▶ [INSTRUCTIONS FOR THE TASK]: Given the listing below, write out exactly the lines starting with the line that has "Rigged and Ready" and going on through the line that has "Twin Bed, Solid", both kept.

▶ [INPUT FOR THIS TASK]:
----

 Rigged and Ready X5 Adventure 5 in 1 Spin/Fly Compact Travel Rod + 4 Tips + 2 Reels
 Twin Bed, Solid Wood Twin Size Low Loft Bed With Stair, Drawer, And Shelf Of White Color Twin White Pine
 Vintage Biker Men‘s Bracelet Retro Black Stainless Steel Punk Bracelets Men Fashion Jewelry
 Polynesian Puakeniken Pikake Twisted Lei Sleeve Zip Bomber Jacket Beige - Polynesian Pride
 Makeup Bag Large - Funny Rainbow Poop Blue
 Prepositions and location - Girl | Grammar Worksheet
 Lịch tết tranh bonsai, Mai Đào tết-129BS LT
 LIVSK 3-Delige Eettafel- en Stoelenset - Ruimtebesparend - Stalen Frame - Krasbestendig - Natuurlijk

----

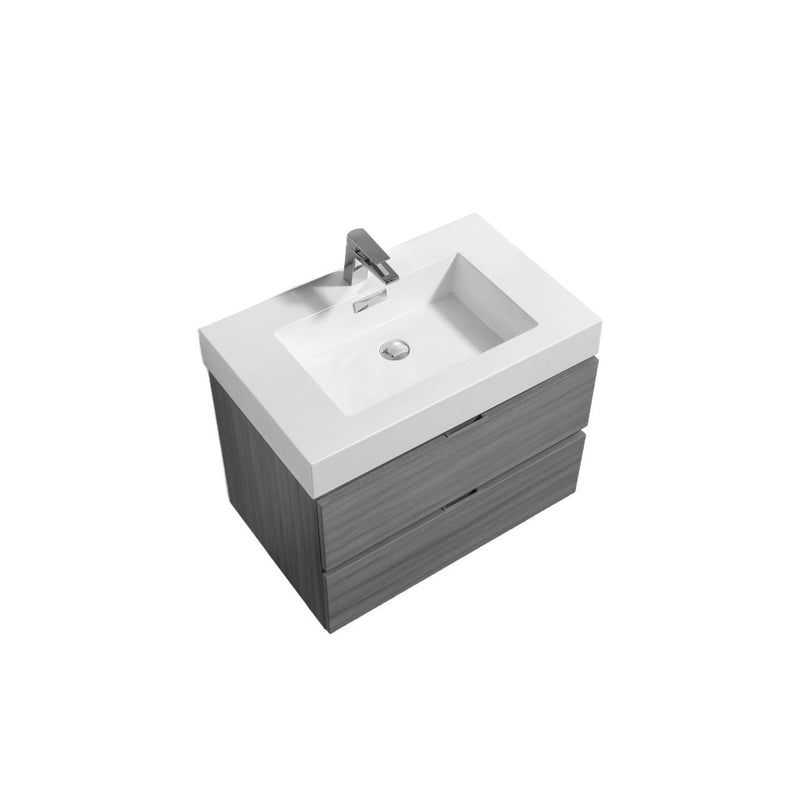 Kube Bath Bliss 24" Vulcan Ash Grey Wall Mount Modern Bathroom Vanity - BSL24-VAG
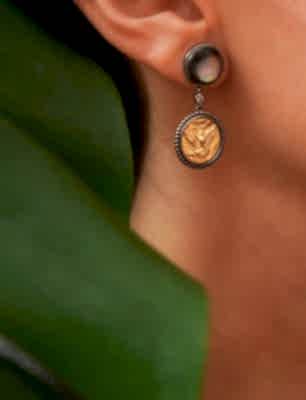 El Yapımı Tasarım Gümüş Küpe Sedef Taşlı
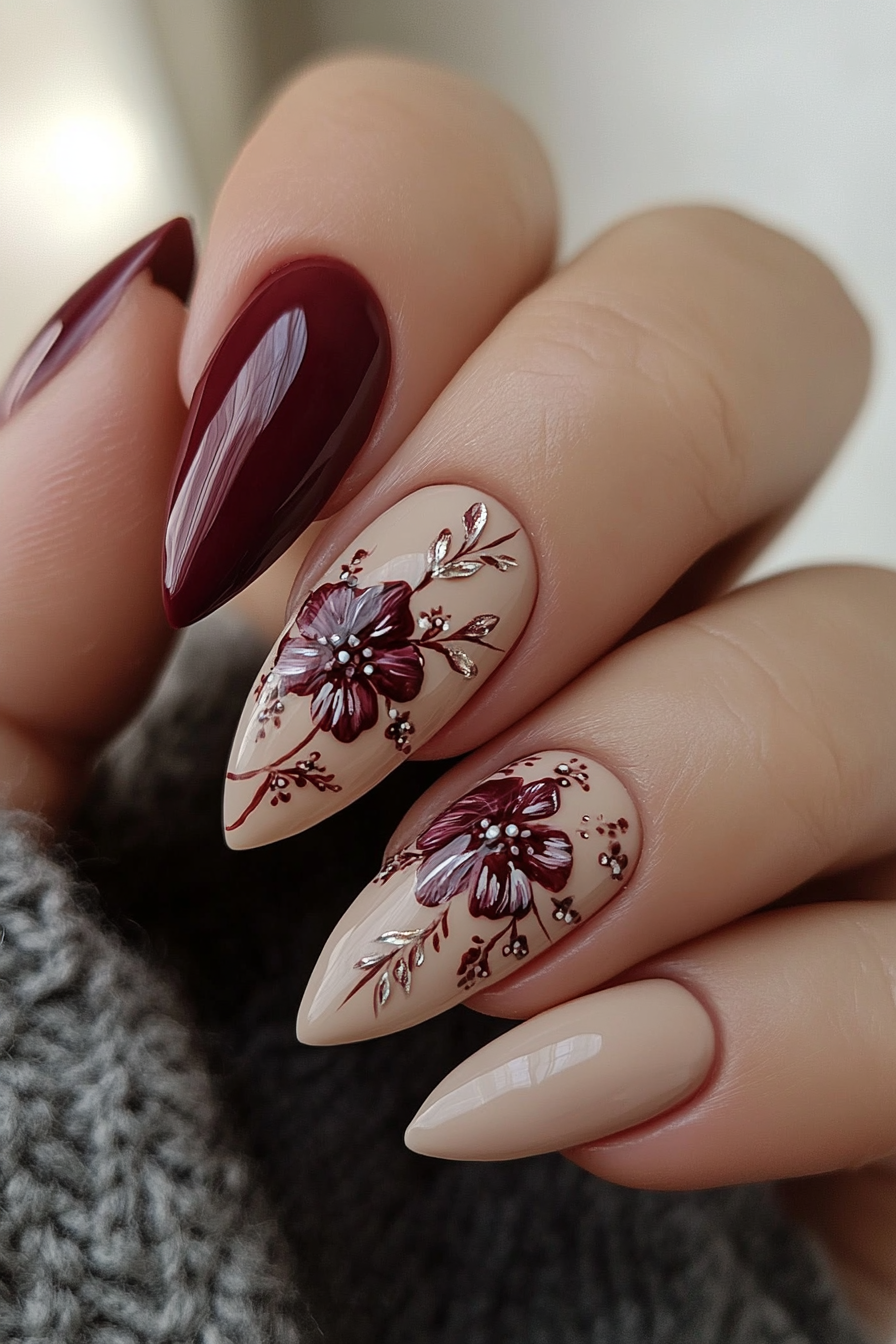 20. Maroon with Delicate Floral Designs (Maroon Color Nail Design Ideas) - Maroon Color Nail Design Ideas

----

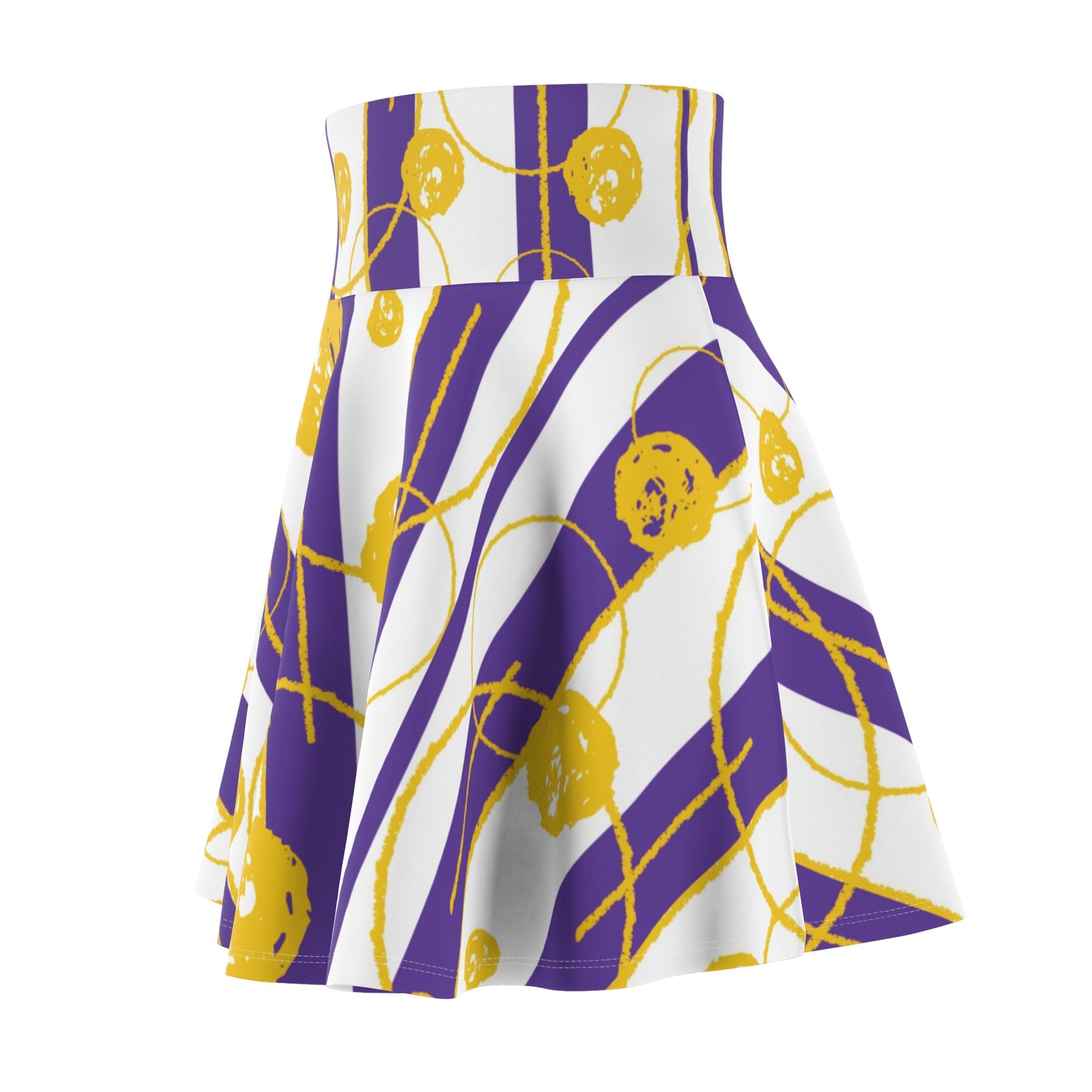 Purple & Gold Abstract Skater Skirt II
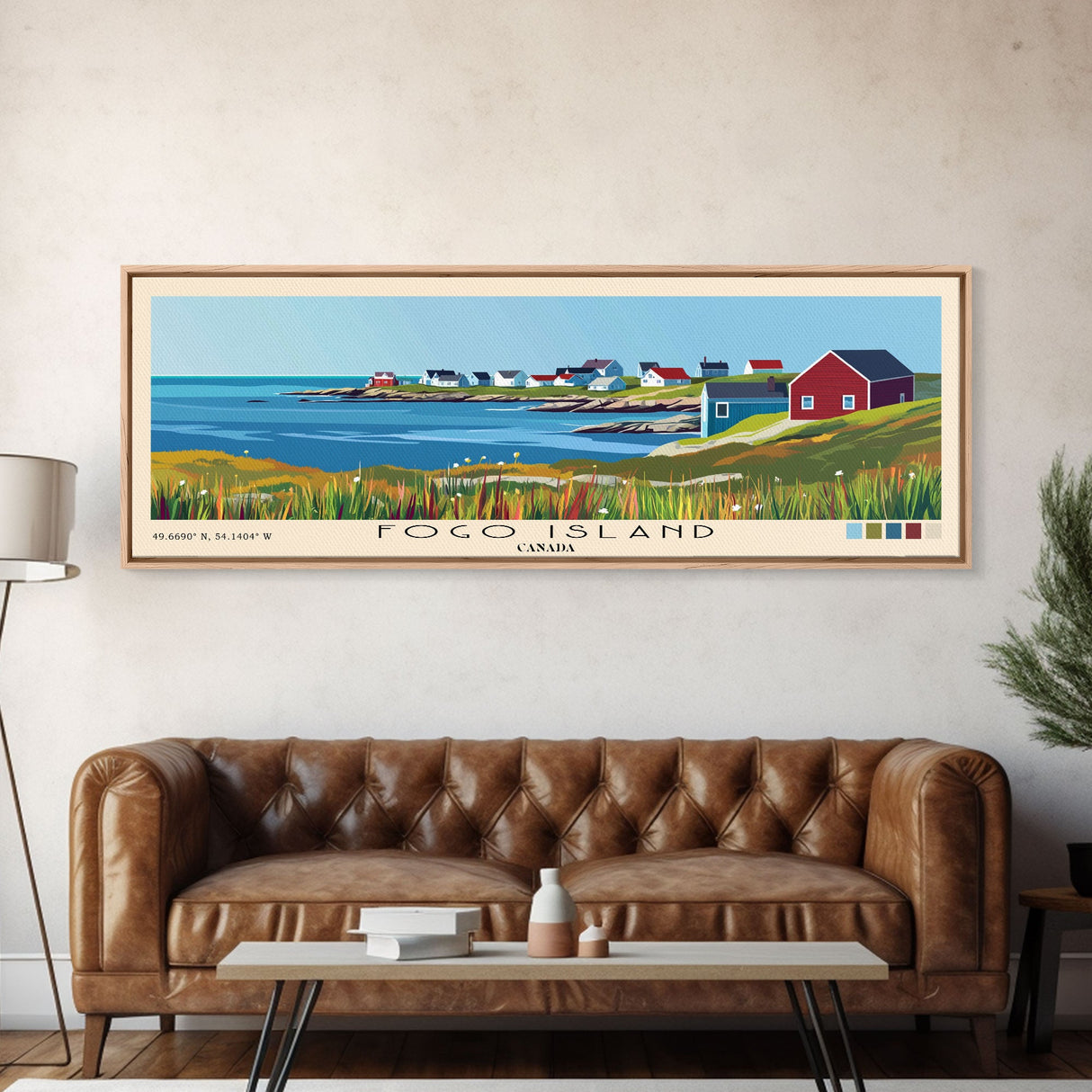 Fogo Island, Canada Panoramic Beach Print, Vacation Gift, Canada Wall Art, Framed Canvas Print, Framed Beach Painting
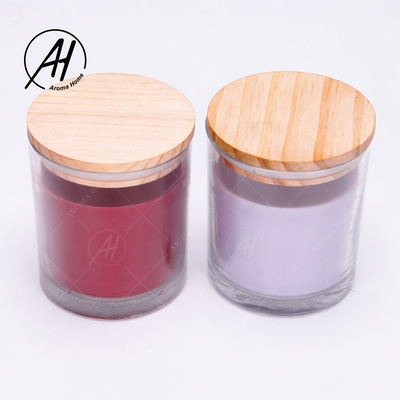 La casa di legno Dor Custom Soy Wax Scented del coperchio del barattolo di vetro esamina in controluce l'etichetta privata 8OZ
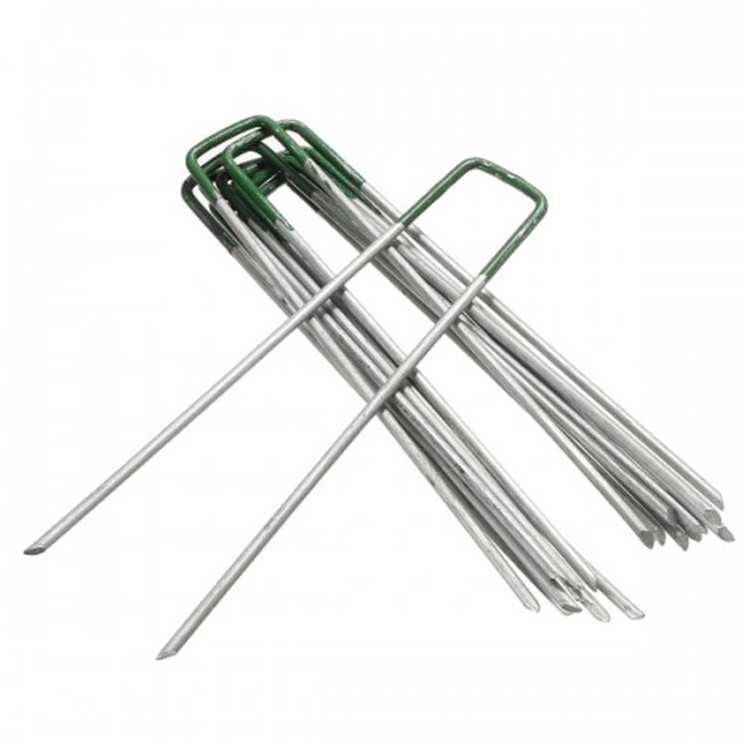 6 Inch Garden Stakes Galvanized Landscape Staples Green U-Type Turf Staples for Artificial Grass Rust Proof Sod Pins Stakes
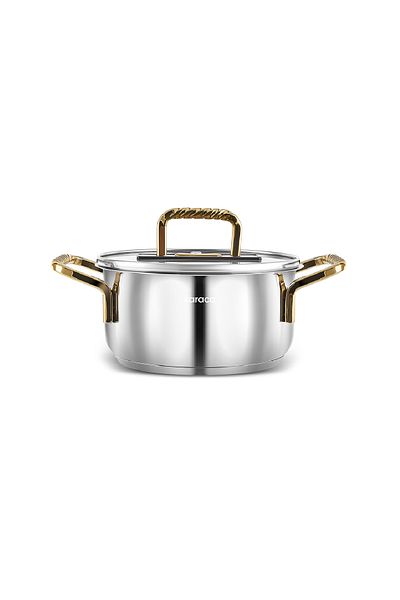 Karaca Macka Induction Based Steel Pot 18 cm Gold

----

▶ [TASK OUTPUT]:
 Rigged and Ready X5 Adventure 5 in 1 Spin/Fly Compact Travel Rod + 4 Tips + 2 Reels
 Twin Bed, Solid Wood Twin Size Low Loft Bed With Stair, Drawer, And Shelf Of White Color Twin White Pine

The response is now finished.